So when I decided it was time to say goodbye to our 2010 Dodge Grand Caravan, I wanted to do something worthwhile. It had 185,000 kilometres on it and as many dents as the average Toronto bartender has tattoos. Some people were listing similar vehicles online for $6,000. Who were they trying to kid? Maybe I could get between $1,000 and $2,500 for it. Maybe. There would be haggling and dozens of strangers. The process would make the bag of concrete giveaway look easy.

What was I to do?

The answer came about when I was on the Canadian Kidney Foundation website. I have a friend who is hoping for a kidney transplant and I wanted to donate some money. While browsing, I read that the Kidney Foundation has been accepting car donations since 1992. It was fate. Once Christmas had passed, I made the call.

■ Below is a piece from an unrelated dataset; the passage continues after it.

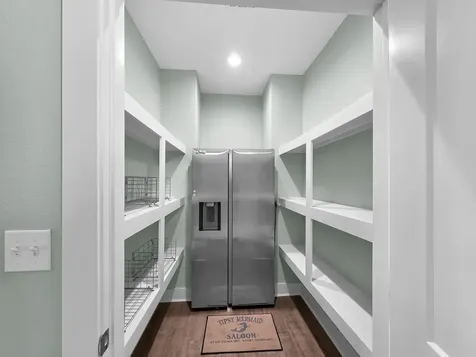 3001 Vista Del Mar Court Crystal Beach TX 77650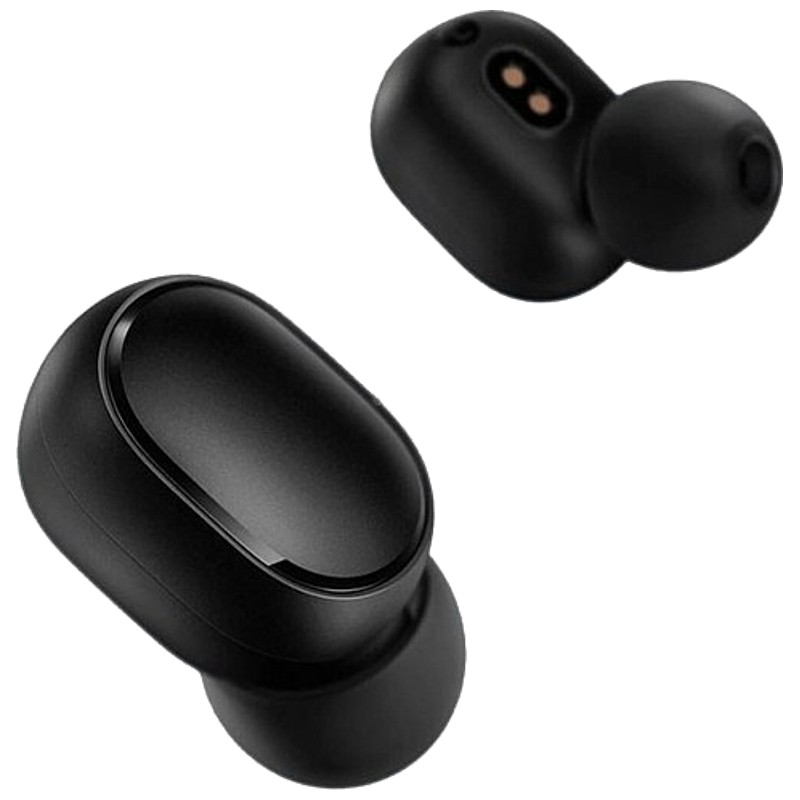 xiaomi_redmi_airdots_preto_thingstore_pt_03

A tow truck arrives to take Andrew Clark's 2010 Dodge Grand Caravan to the Canadian Kidney Foundation.

The Globe and Mail

And so it was that on a frigid January morning, a tow truck arrived. It wasn’t hard to arrange. The entire process can be completed online or by phone. I’d cleared the minivan of all personal items and had the ownership signed over. The tow-truck driver was genial. He said he much preferred doing work for the Kidney Foundation to towing cars that had been ticketed for parking illegally. He knew all about where the money went. “The medical procedure is covered, but if you live in the country, the cost of going to the city for the operation can be huge,” he told me. “They cover that.”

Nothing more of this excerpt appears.